Your copy should hold the lines below from the first through the one that contains "Set of 2 Brown", each retyped exactly, and no pictures.

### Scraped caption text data
========================

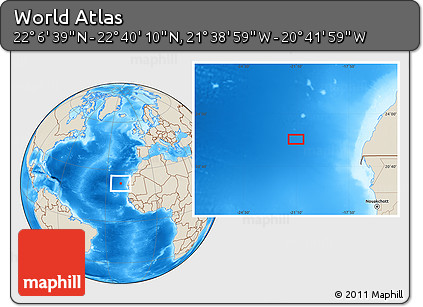 Shaded Relief Location Map of the Area around 22° 23' 25" N, 21° 10' 29" W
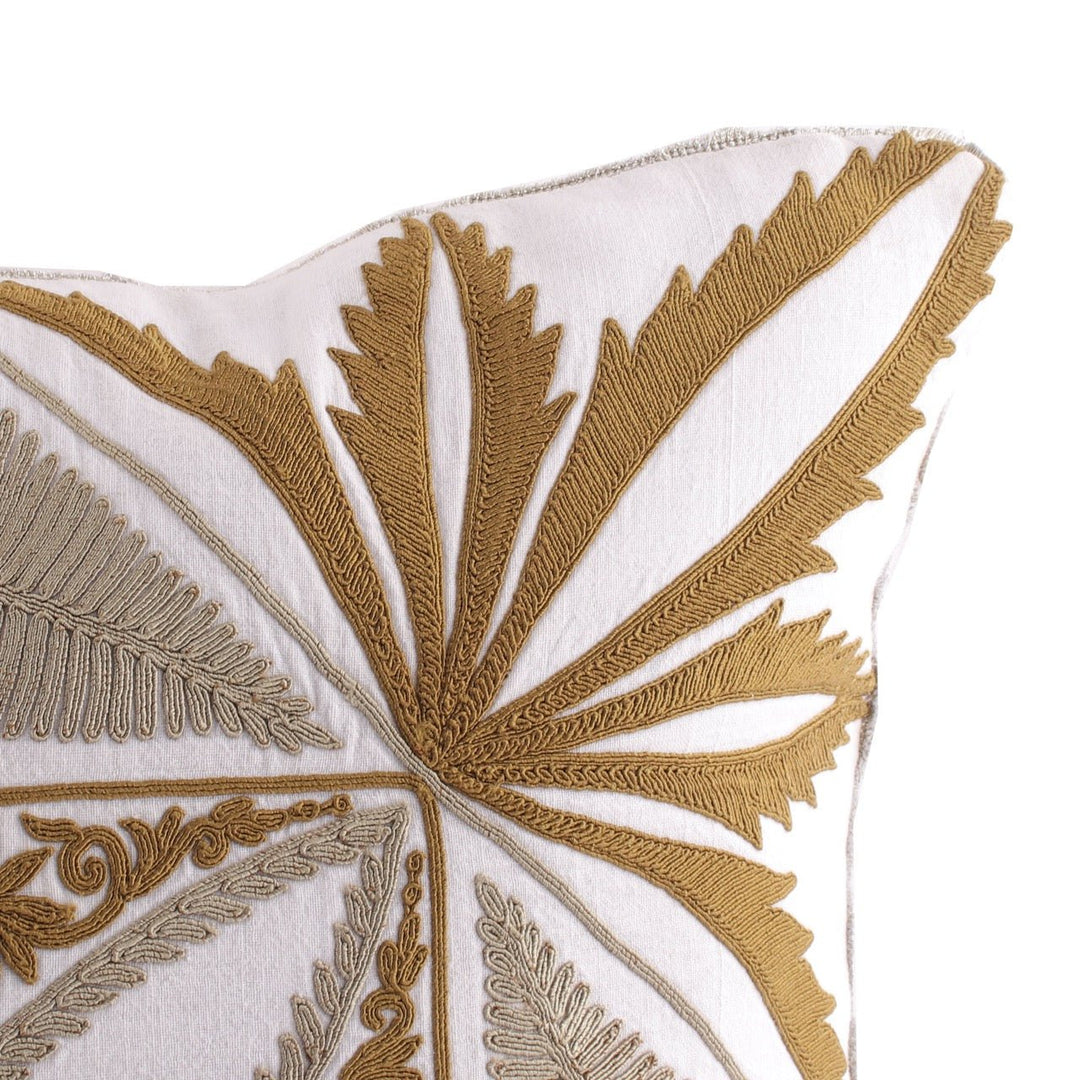 Tehzeeb Mandala Offwhite Cotton Linen Cushion Cover - KHAABKA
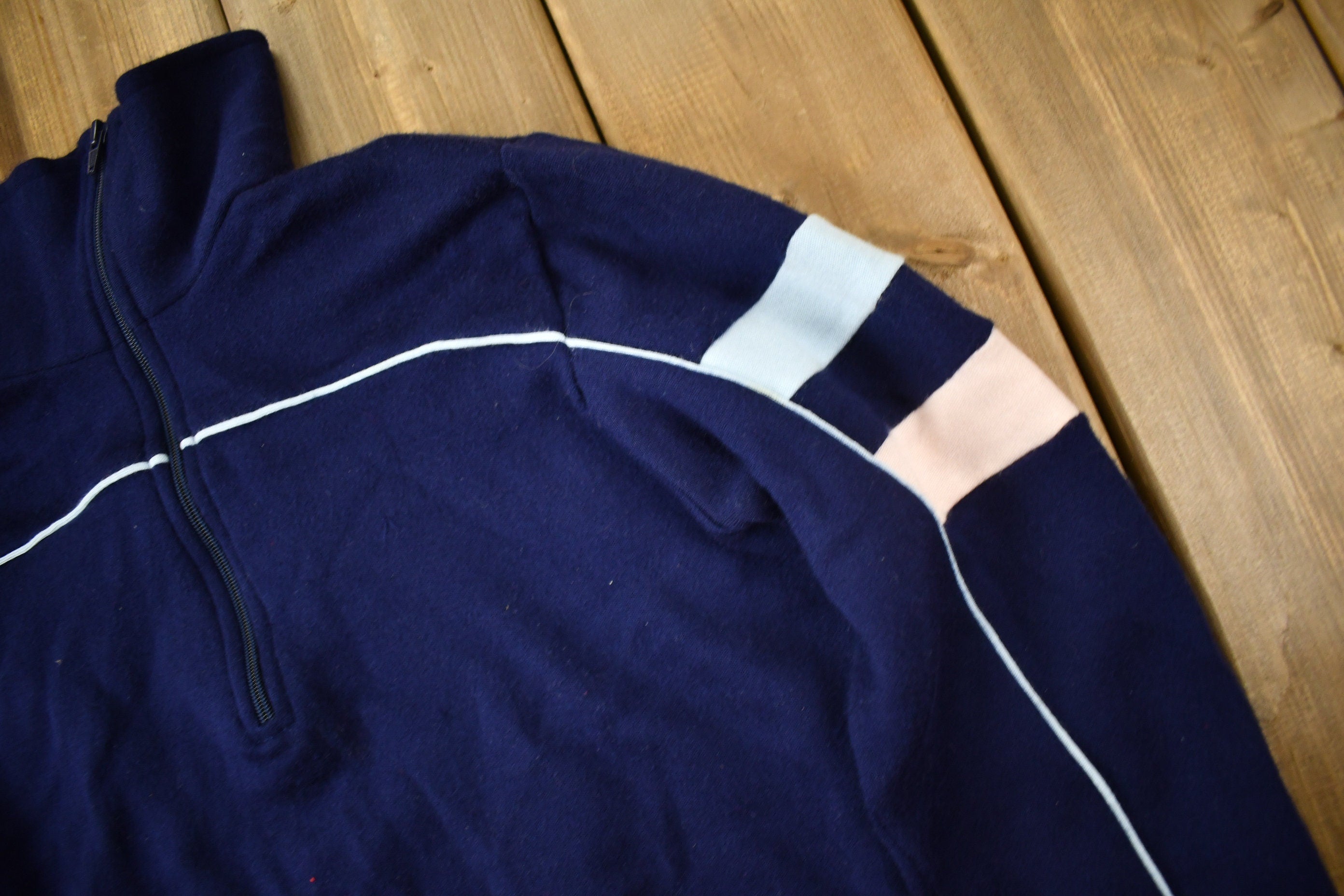 Vintage 1980s Track & Court Russell Athletic Blank Zip Up Sweatshirt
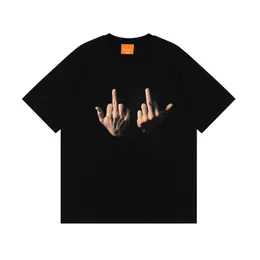 Homens camisetas 2024s estilo americano desdenhoso dedo de manga curta t-shirt para homens oversized hip-hop oversized homens verão marca na moda homem gordo puro algodão meia manga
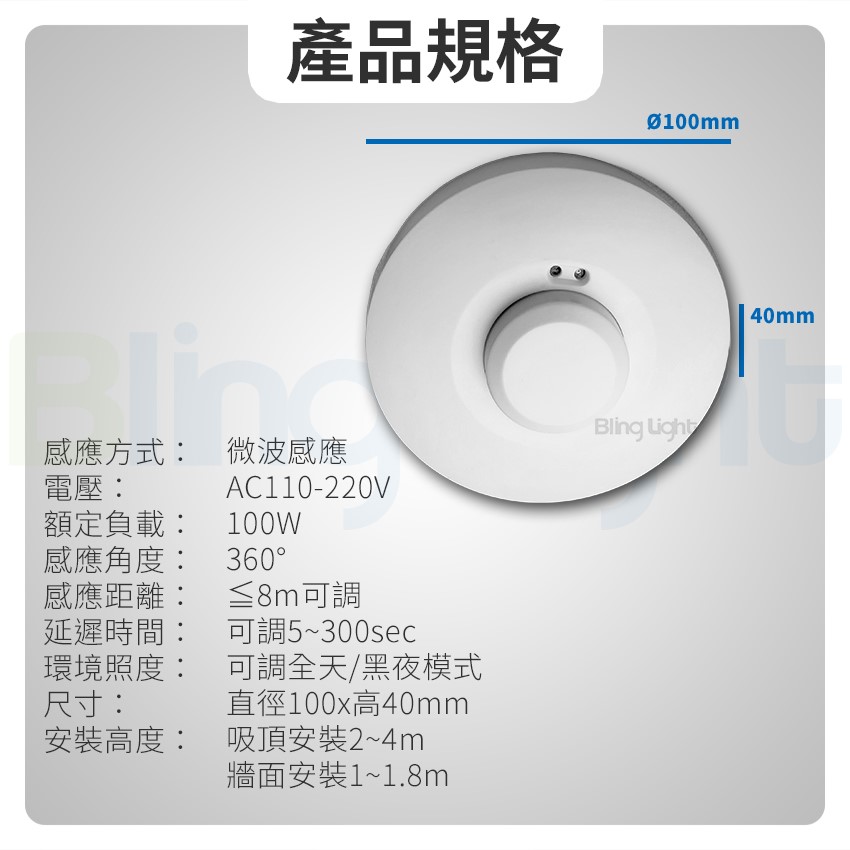 ◎吸頂式感應器 微波雷達感應 ，360°人體感應開關 全電壓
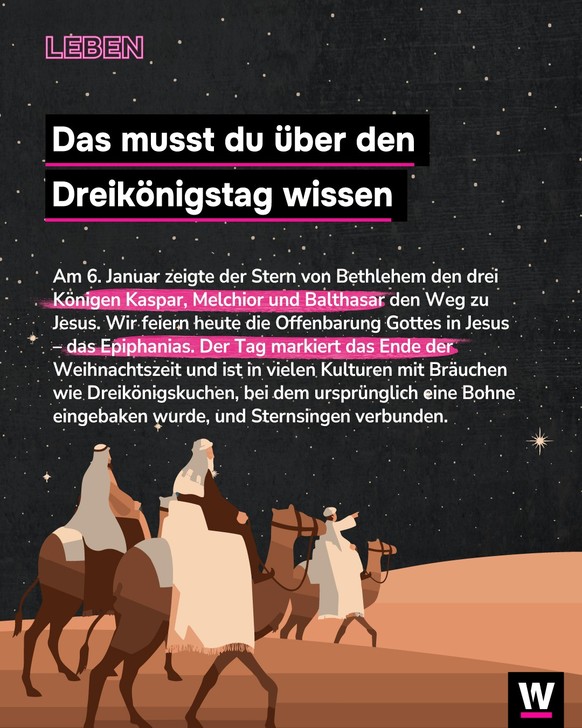<p>Am 6. Januar feiern wir den Dreikönigstag.</p>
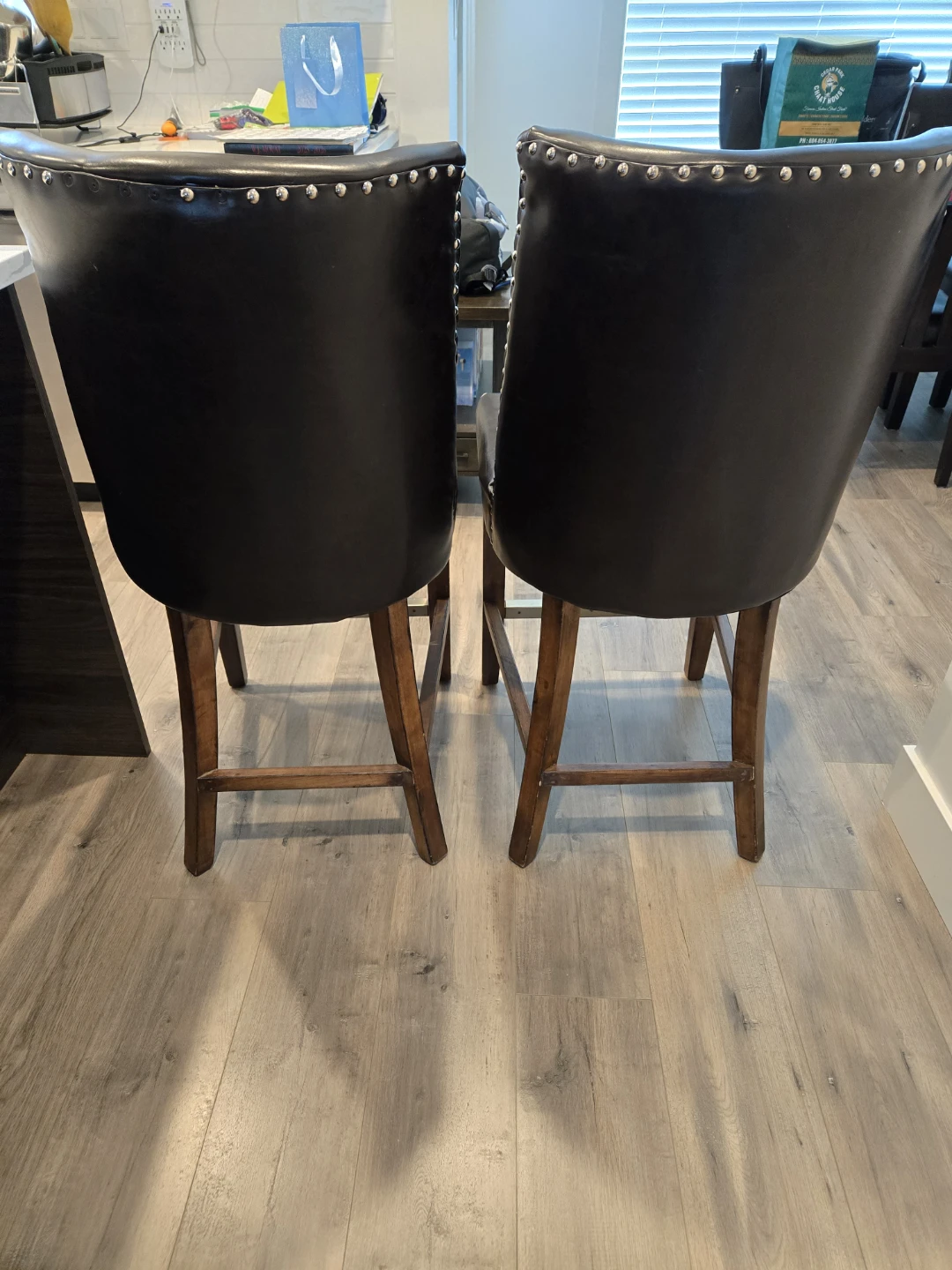 Set of 2 Brown Faux Leather Bar Stools - photo 2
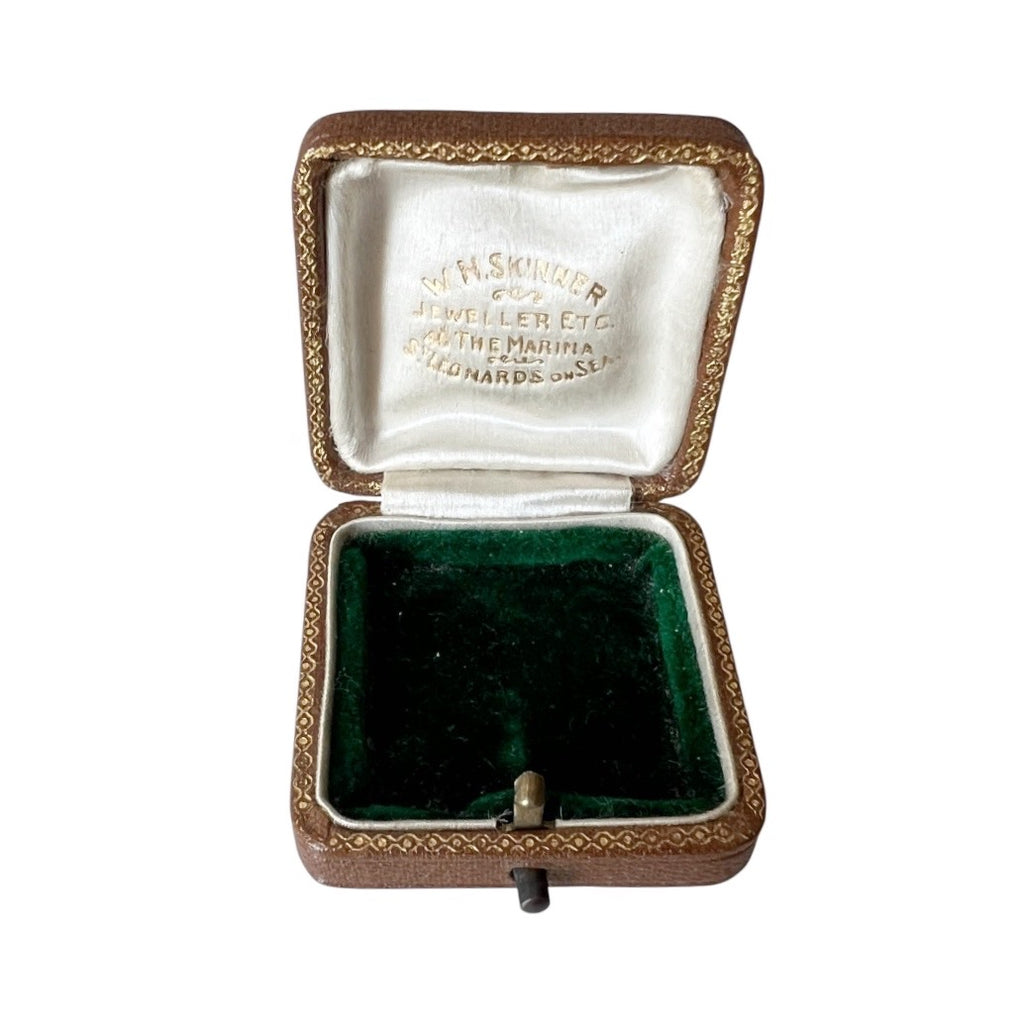 Antique Leather Jewellery Box – W.H. Skinner Southend-on-Sea – Small Ring or Pendant Case – Edwardian Era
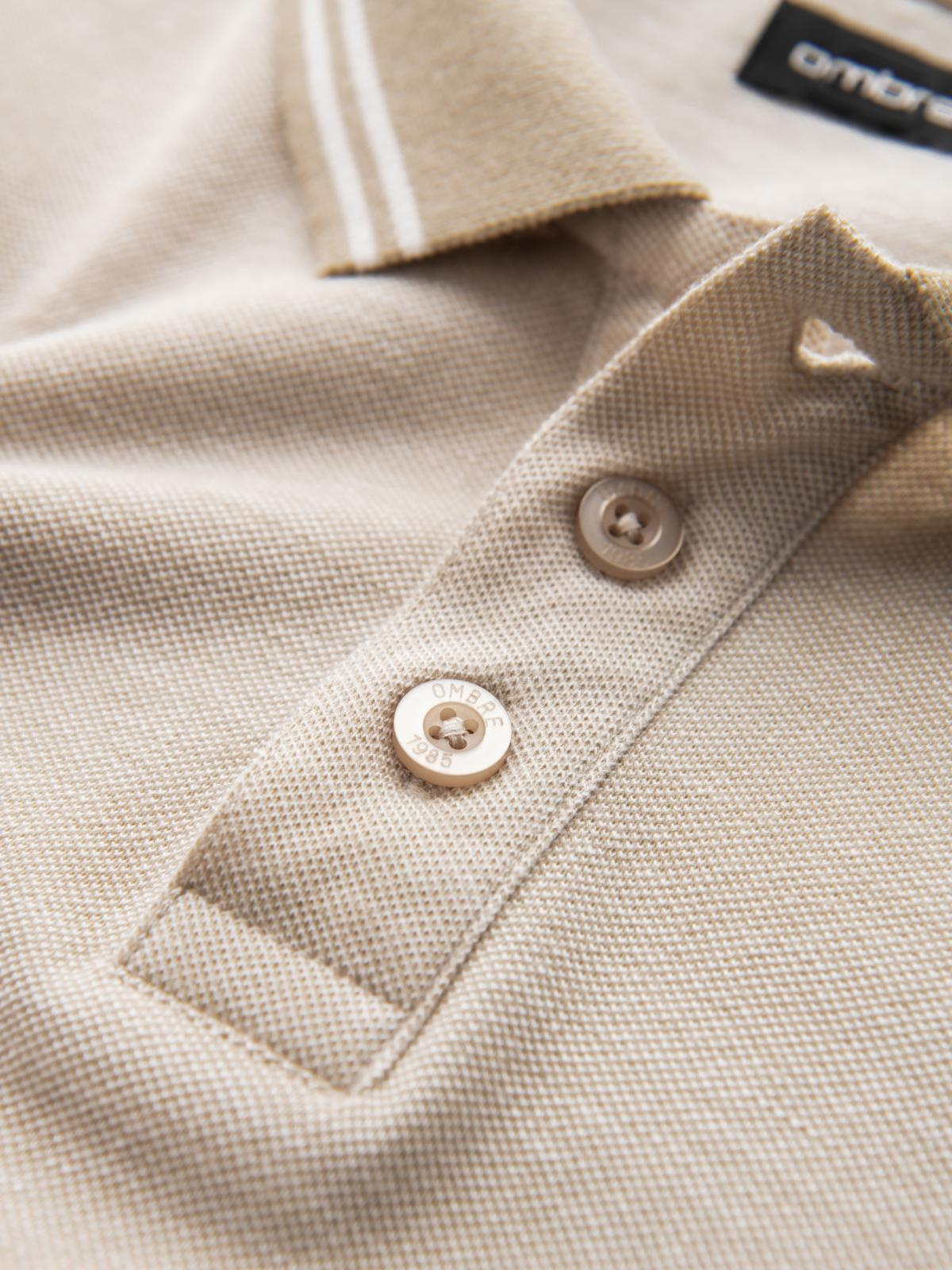 Ombre Men's melange polo longsleeve with embroidery - sand melange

========================

### Answer to the problem
 Shaded Relief Location Map of the Area around 22° 23' 25" N, 21° 10' 29" W
 Tehzeeb Mandala Offwhite Cotton Linen Cushion Cover - KHAABKA
 Vintage 1980s Track & Court Russell Athletic Blank Zip Up Sweatshirt
 Homens camisetas 2024s estilo americano desdenhoso dedo de manga curta t-shirt para homens oversized hip-hop oversized homens verão marca na moda homem gordo puro algodão meia manga
 ◎吸頂式感應器 微波雷達感應 ，360°人體感應開關 全電壓
<p>Am 6. Januar feiern wir den Dreikönigstag.</p>
 Set of 2 Brown Faux Leather Bar Stools - photo 2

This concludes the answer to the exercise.